“You’ve got to have something to kick against.” Words of defiance from Arndales’ drummer Allen Arndale in a recent interview. There’s something serendipitous that a Luton band with that name has released a concept album called Shops – inspired by, and somewhat satirising, the bamboozling bullshit jargon retailers use to sell you rubbish you don’t need – at a time when the future prosperity and renewed pride of the town is being delayed by a London Shopkeepers’ Cartel. You may not have realised you need Arndales, but you do. We do. “Retail is detail” barks guitarist and singer Alan Arndale (they all answer to a differently spelled variation of the name) in a cutting refrain that closes No Existent. Except, in real life, the doom mongers are ignoring the will of the people, rendering detail an inconvenience.
Arndales, on the other hand are important, indispensable and impossible to ignore. In a first Shops-stocked hometown show, they display its inventory, a litany of lyrically curated retail drivel, over the bruising brilliance of tracks like In-App Refunds, Dark Store and Morning Goods. While Prestige Pricing is the practice of hiking up the cost of goods in order to give the appearance of quality, there’s nothing knock-off about the lead single of the same name. Its chorus of “guns, gold, radio controlled,” pilfered from a derelict Coventry shopfront that adorns their album sleeve, is bizarrely anthemic.
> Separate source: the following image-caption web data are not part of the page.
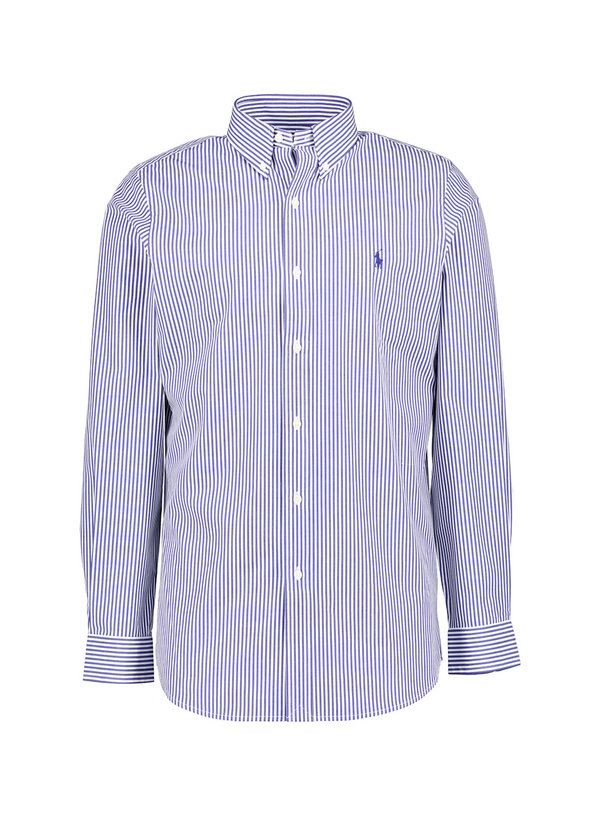 Hemd, Custom, Baumwoll-Stretch, Button-Down, navy gestreift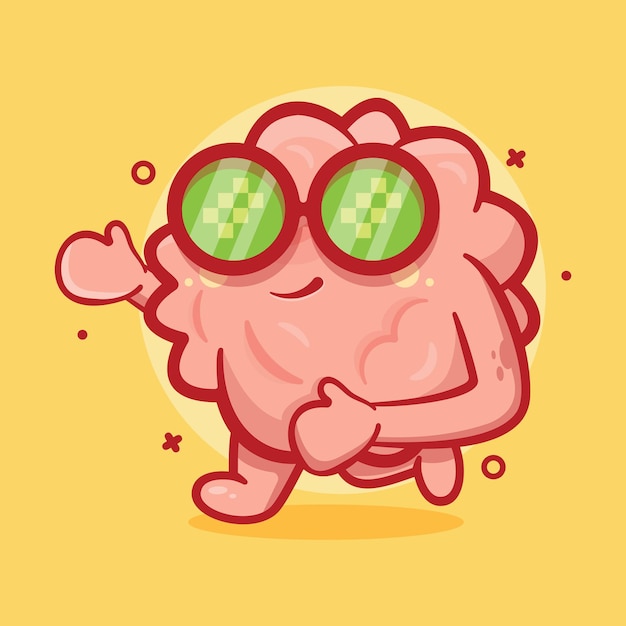 Funny brain character mascot running isolated cartoon in flat style design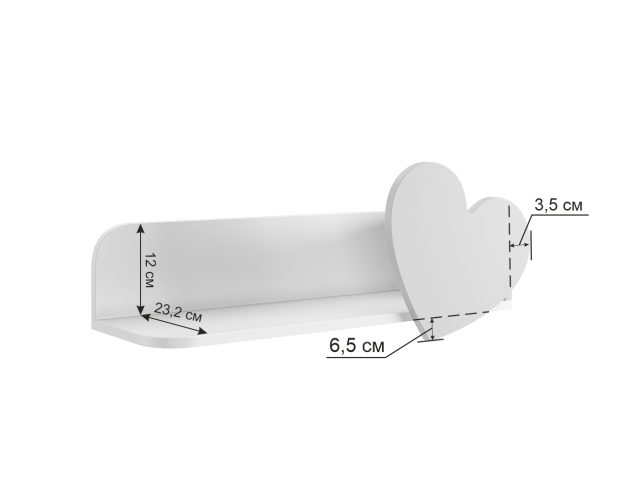 Полка навесная Сердечко белое дерево / пудра розовая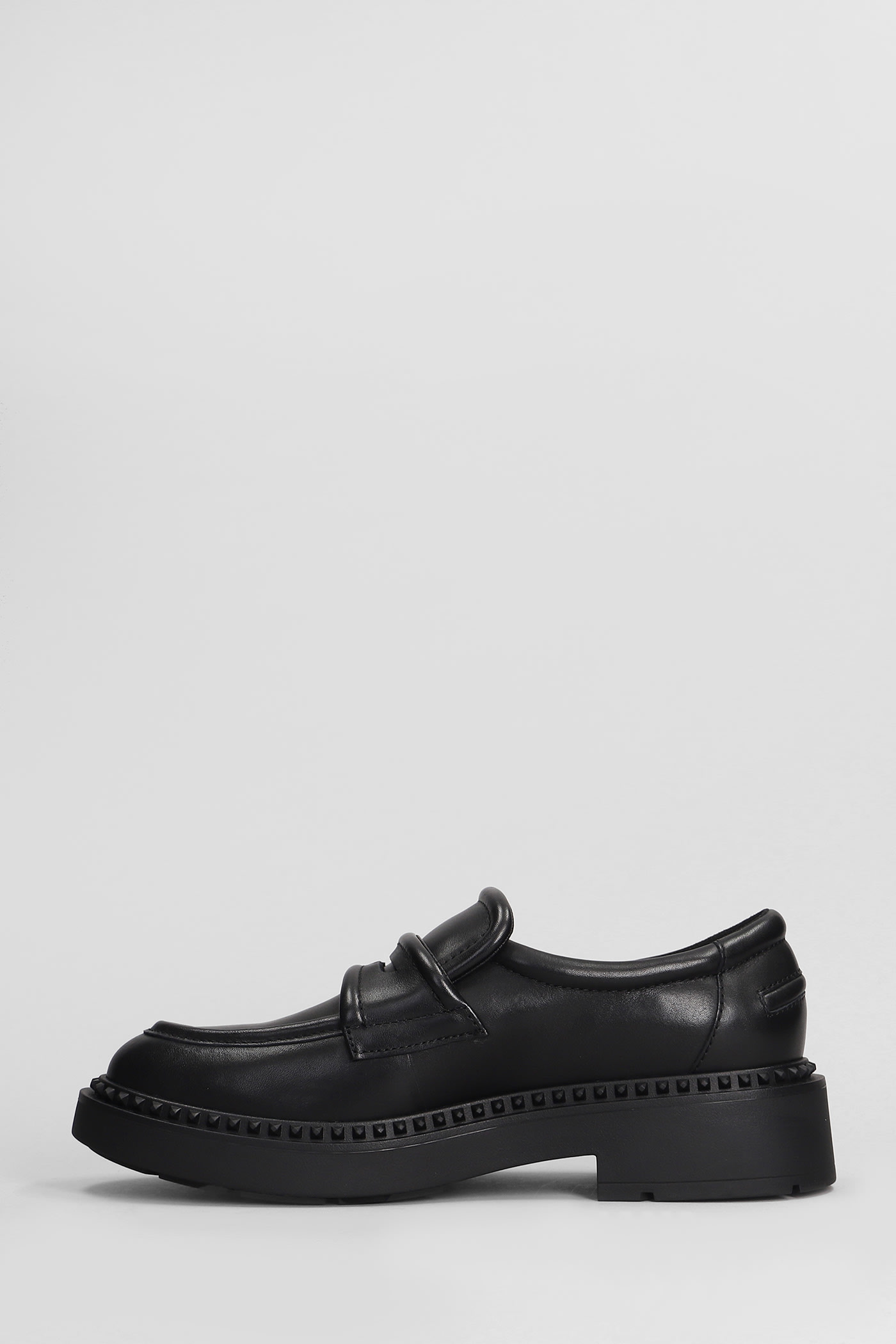 Shop Ash Miracle Loafers In Black Leather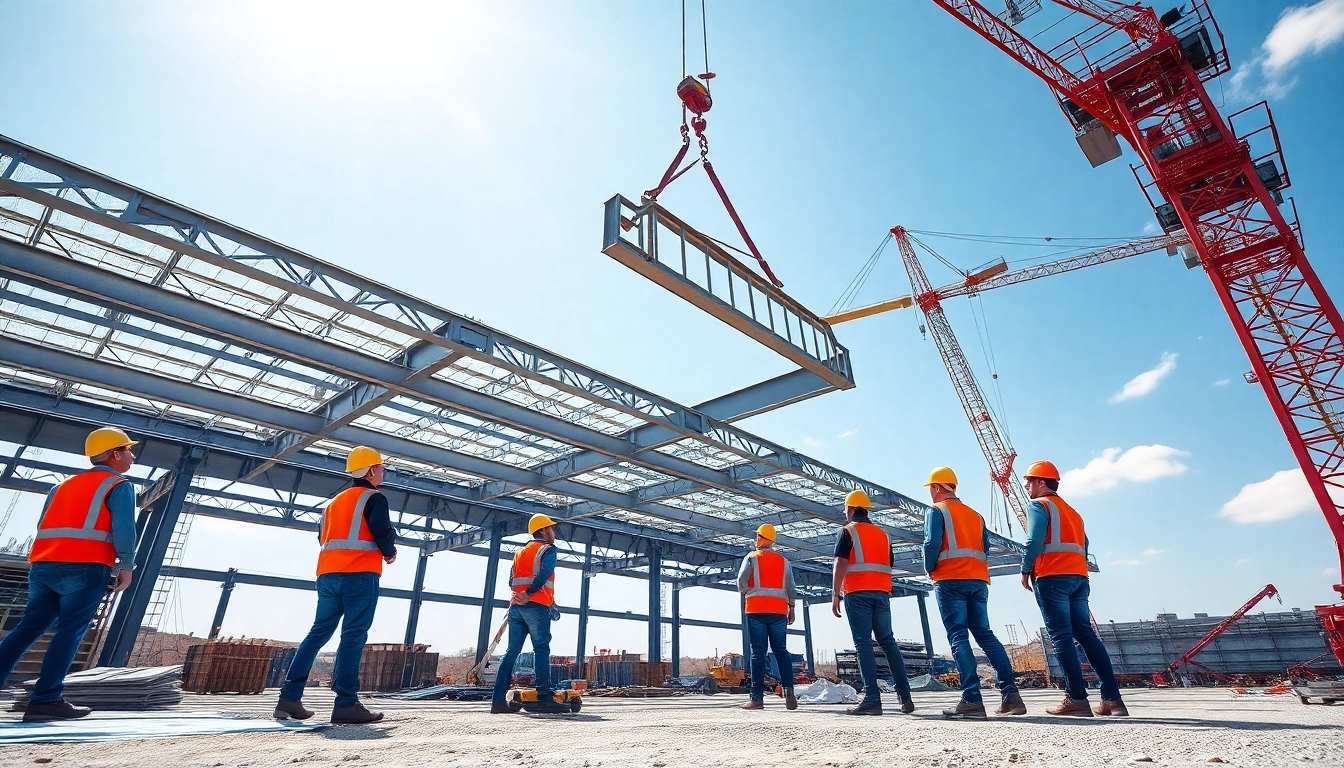 Workers engaged in structural steel installation at a construction site with cranes.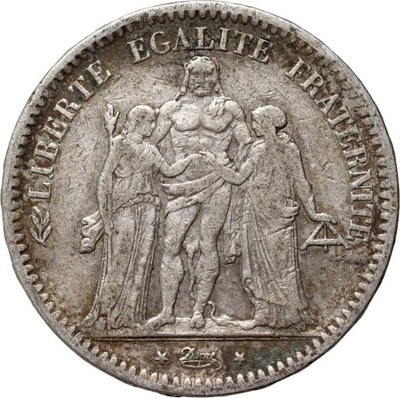 Francja, 5 franków 1848 A, Herkules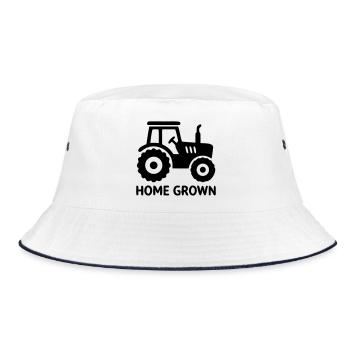Tractor Home Grown Badge - Bucket Hat - white/navy - Front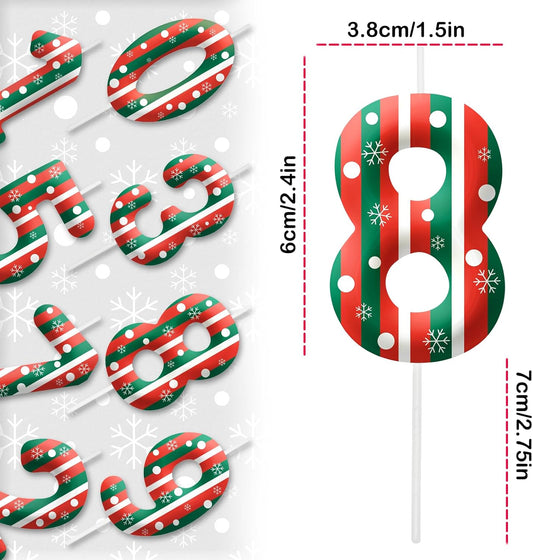 Christmas Themed Birthday Candles for Cake, Number 8th Candle, Happy Birthday Cake Topper for Boys Girls, Christmas Birthday Party Decorations Supplies Gifts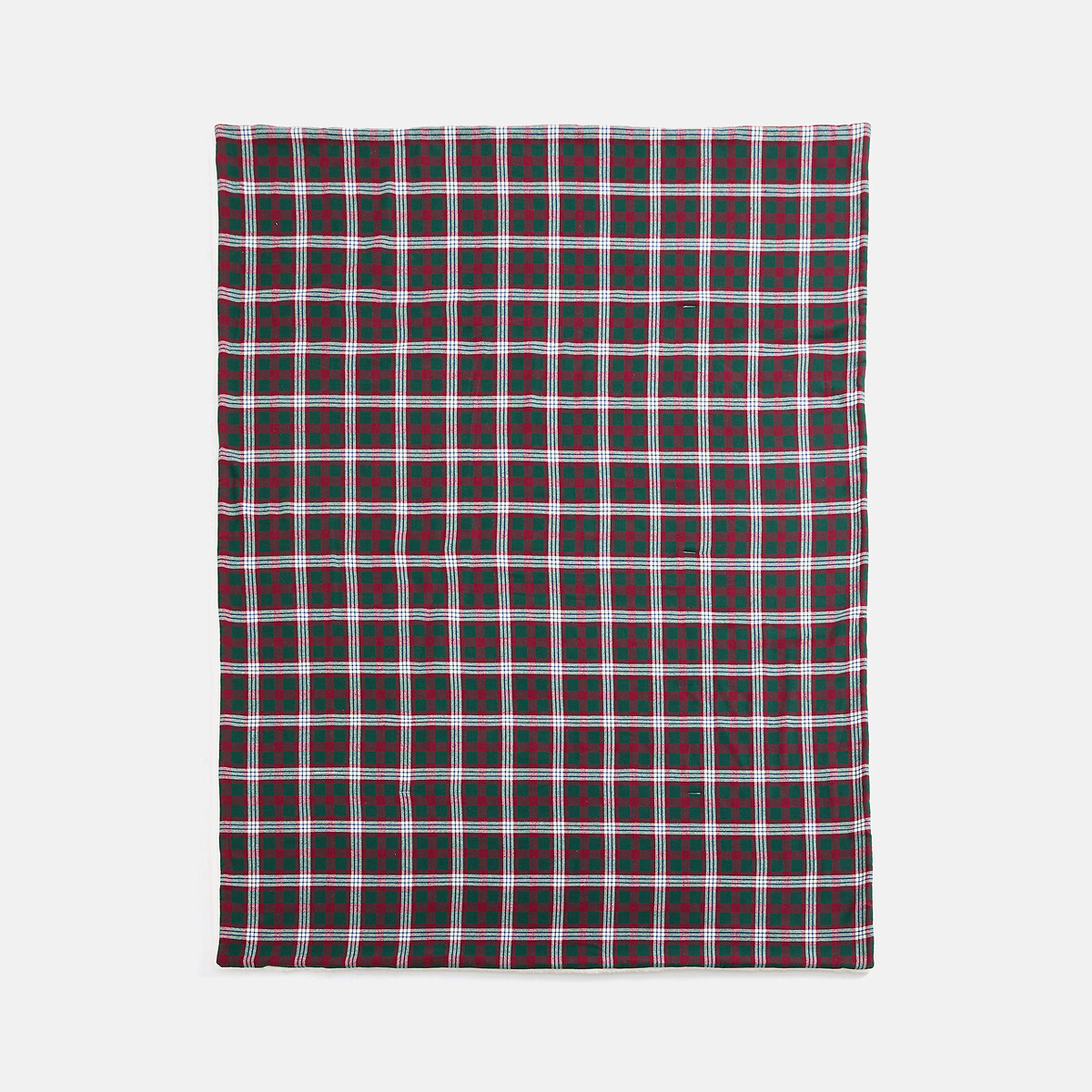 Plaid sherpa et flanelle, LUNAY vert/rouge, LA REDOUTE INTERIEURS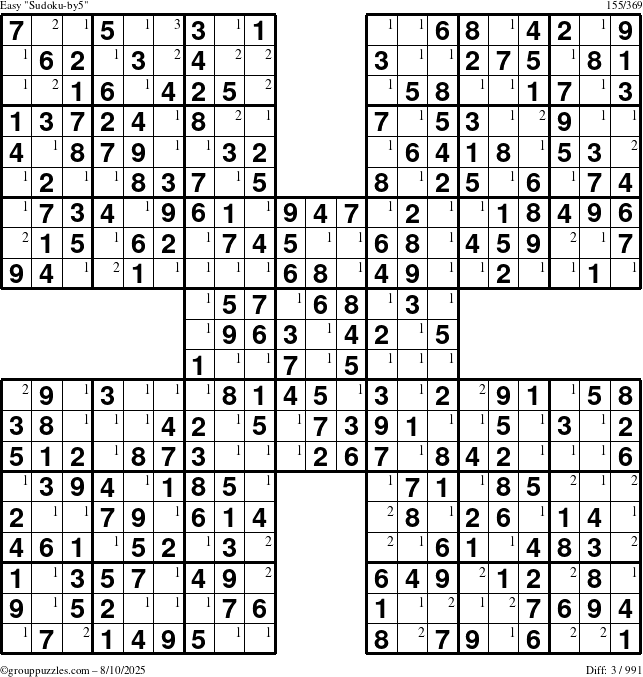 The grouppuzzles.com Easy Sudoku-by5 puzzle for Sunday August 10, 2025 with the first 3 steps marked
All the while guitars crunch and thrash, bleeps steam from an ironing board and beats so loud they bring on the very real threat of tinnitus – earache has never sounded so good. Allan Arndale sifts through a well-worn stack of papers as he seemingly re-learns the songs during the short interludes between angular noise. It’s comical, but charming as their frontman jokes to younger members of Arndales customer base that these are perils of your 40s. But while short-term riffological memory loss could be the sign of the years catching up, harder to forget is the ability to rattle with relevance.
And it’s no mean feat on this bill, shaped on strong stuff.
Sara simmers with understated wonder, that is never, and probably never will be, part of the plan for Dois Padres. The Luton two-piece rampage, whooping and hollering, through Bullitt from their eponymous EP and the joy is relentless in the shape of banging debut album Welcome to the Thrillhouse. It’s easy to overlook just what kind of virtuosity exists in Danny Young and George Cowan cutting loose, improvisational at times, giving their instruments a darn good thrashing, until Chapel of Bones slows things down and demands attention. Set closer Twilight Zone crackles in the knowledge that, per capita, Dois Padres are the biggest, brashest, most untouchable hombres around.
Despite a monikered nod to hallucinogenically potent seafood, Sarpa Salpa’s experimentalism is more calculated and intricate, but no less intoxicating. They’ve created a monster that can be expertly tamed and set free at will by Marcus Marooth’s sonic boom. A big fish in a small room, the frontman’s voice soars and swoops around singles She Never Lies and Circuits.
But, against these three very different, but exceptional talents, there’s still something thrillingly visceral about headliners Arndales. Maybe it’s that, while they haven’t directly written a long-playing riposte to the preposterous retail ransom being held over their home, they have inadvertently soundtracked the fightback.
Luton has something to kick against.